*Task objective*. An exact reproduction of the records is required, with all pictures omitted.

Short descriptive text snippets:
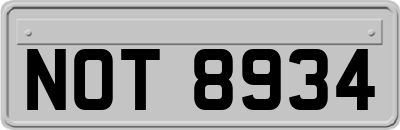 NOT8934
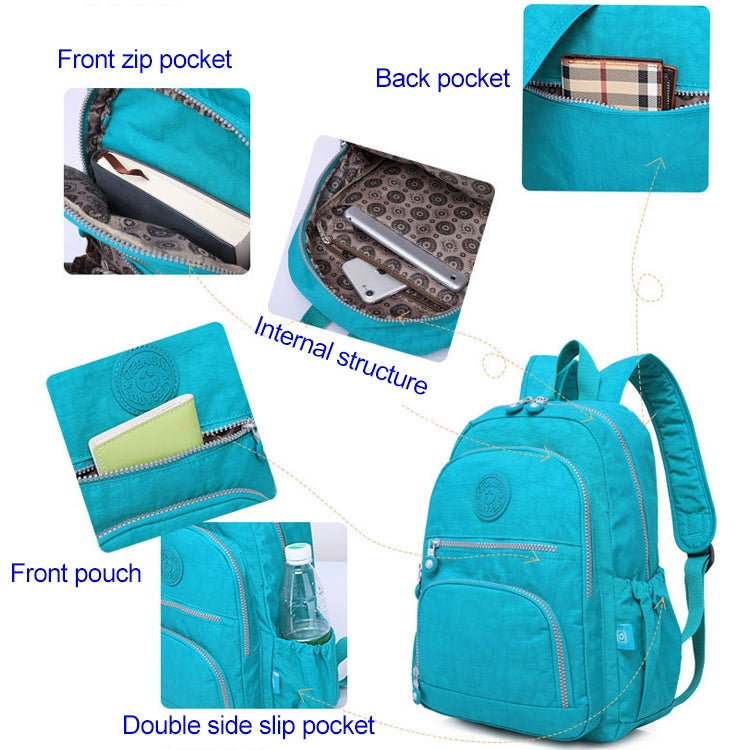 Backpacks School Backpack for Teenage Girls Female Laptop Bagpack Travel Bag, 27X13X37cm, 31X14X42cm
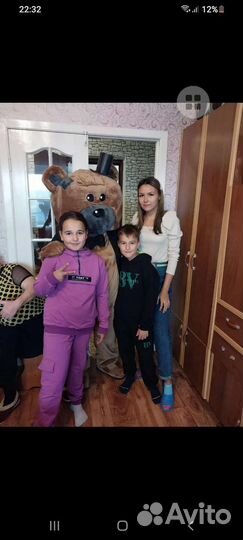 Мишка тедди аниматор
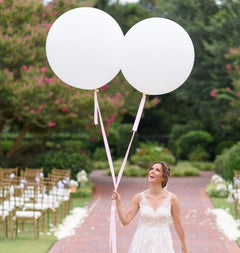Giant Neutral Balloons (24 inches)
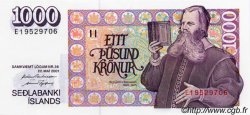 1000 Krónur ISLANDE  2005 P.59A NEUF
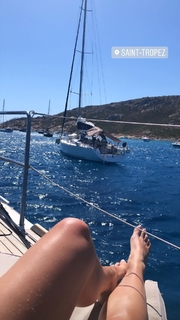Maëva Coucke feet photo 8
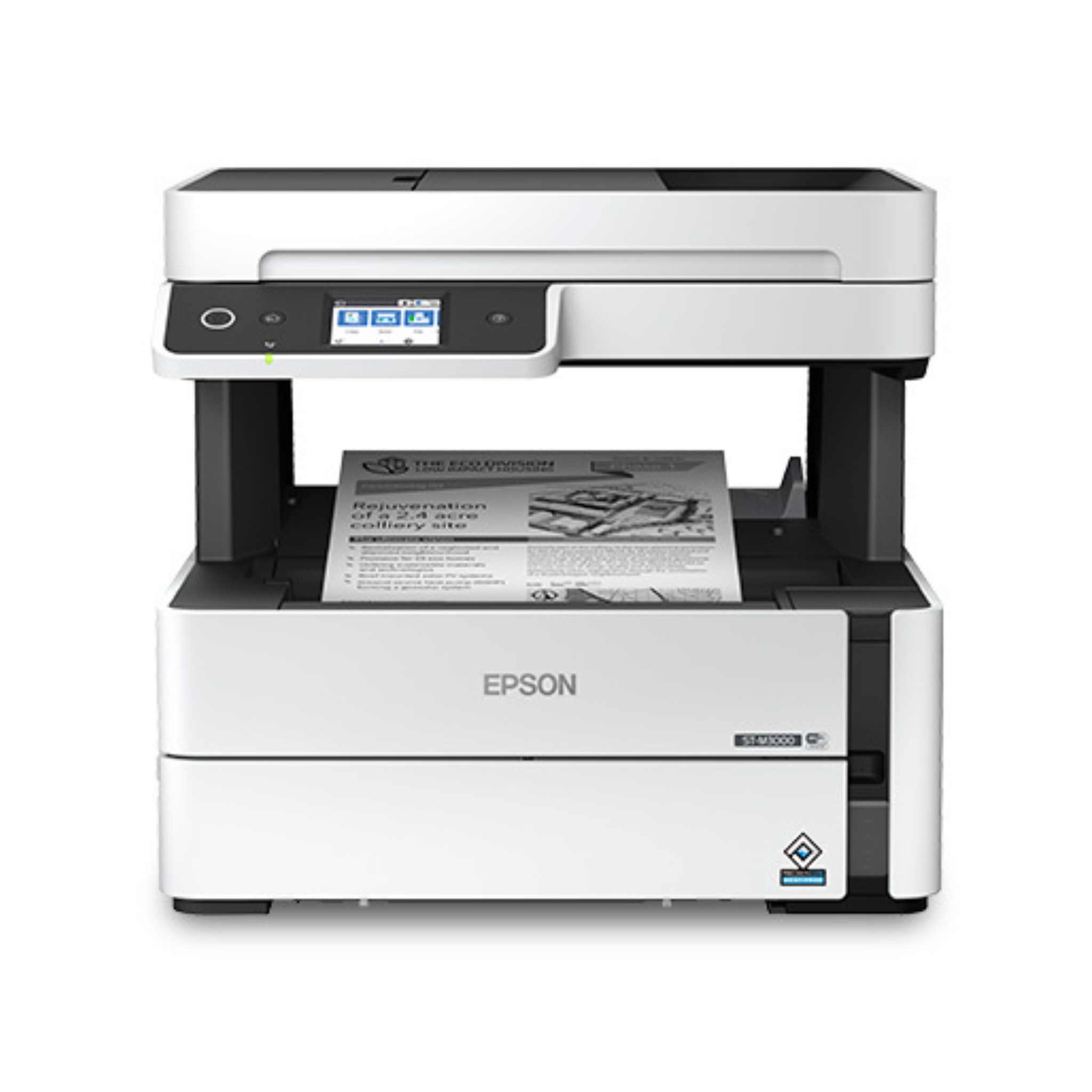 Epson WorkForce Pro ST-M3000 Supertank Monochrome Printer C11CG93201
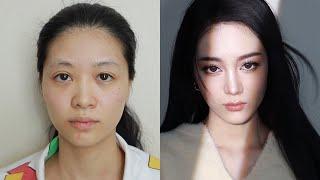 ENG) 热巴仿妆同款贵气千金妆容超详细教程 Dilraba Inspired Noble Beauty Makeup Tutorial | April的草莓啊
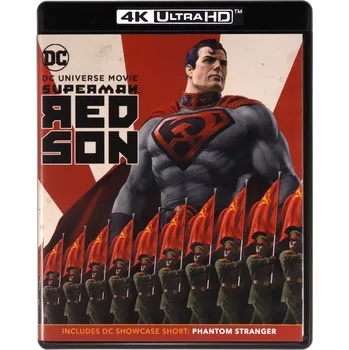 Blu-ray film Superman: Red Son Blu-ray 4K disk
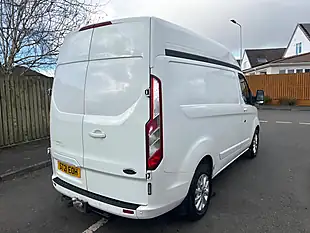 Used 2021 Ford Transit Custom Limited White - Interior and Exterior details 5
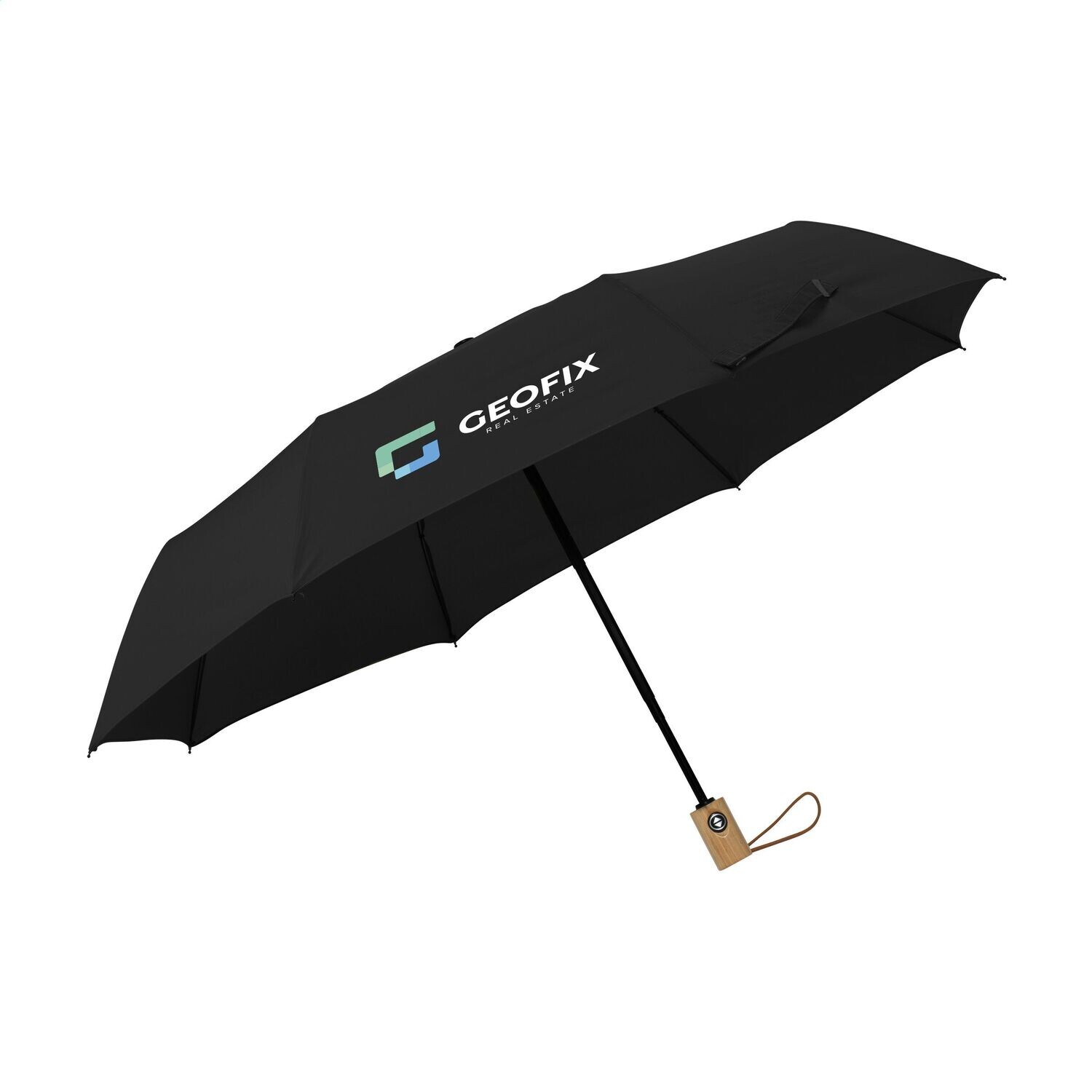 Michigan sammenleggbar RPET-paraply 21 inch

*Answer section*.
 NOT8934
 Backpacks School Backpack for Teenage Girls Female Laptop Bagpack Travel Bag, 27X13X37cm, 31X14X42cm
 Мишка тедди аниматор
Giant Neutral Balloons (24 inches)
 1000 Krónur ISLANDE  2005 P.59A NEUF
Maëva Coucke feet photo 8
 Epson WorkForce Pro ST-M3000 Supertank Monochrome Printer C11CG93201
 ENG) 热巴仿妆同款贵气千金妆容超详细教程 Dilraba Inspired Noble Beauty Makeup Tutorial | April的草莓啊
 Blu-ray film Superman: Red Son Blu-ray 4K disk
 Used 2021 Ford Transit Custom Limited White - Interior and Exterior details 5
 Michigan sammenleggbar RPET-paraply 21 inch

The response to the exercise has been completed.